En La Misión, ganadora en Cannes de la Palma de Oro, la música de Morricone encajó con el gran espectáculo de las cataratas de Iguazú, limítrofe entre Paraguay, Brasil (estado federal de Paraná) y Argentina y con el experimento de las reducciones jesuíticas. Al final de la cinta el drama del genocidio guaraní tiene lugar en un víacrucis musical –con Jeremy Irons portando un enorme crucifijo y el pecador arrepentido, Robert de Niro, con un trabuco entre las manos– bajo la mirada etrusca de Fernando VI y la indiferencia de su esposa portuguesa, Bárbara de Braganza.
Su pereza ante lo grandilocuente encajó con un cine aparentemente alternativo. En la última cúspide de su carrera, el romano probó las mieles de Quentin Tarantino, en Los odiosos ocho, con un sabor narrativo más brusco que provocativo, pero dotado de una divertida matanza final. Fue un bombón para Morricone, el compositor que nunca defrauda, aunque este Tarantino estaba ya lejos de su maestría, 25 años después de Reservoir Dogs. Hace dos años, al cumplir los 90, el compositor utilizó la gira The Final Concerts World Tour para despedirse definitivamente de los escenarios; cuando quiso hacer el balance de su adiós, había recorrido más de cuarenta ciudades y cubierto medio centenar de conciertos.

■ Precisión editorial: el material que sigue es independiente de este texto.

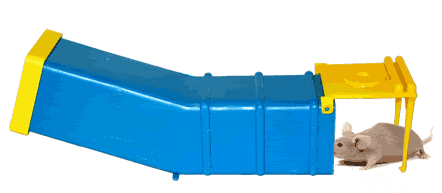 mouse-trap-2.gif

Morricone y Williams recuperan para el mundo de la música el Premio Princesa de las Artes, que no se había concedido a esta disciplina desde 2011, cuando fue distinguido Ricardo Mutti. Fundar cinematecas equivale a construir graneros públicos, del mismo modo que “dragar puertos es fecundar la hermosura de las playas” (Memorias de Adriano). El cine reflexiona acerca del poder, la amistad, el amor, la vida o la muerte. Abre interrogantes sin respuesta; formula preguntas que necesitan su ayuda para abarcar lo no evidente. Pero la música impone estrictas obligaciones; no es una abstracción sino el dragaminas de los puertos que limpia las aguas. El concierto sinfónico, teatralización de la partitura, es un estado de ánimo celebrado por figuras como Williams y Morricone. Ambos saben que el concertista paga siempre este tributo: el gancho del primer compás.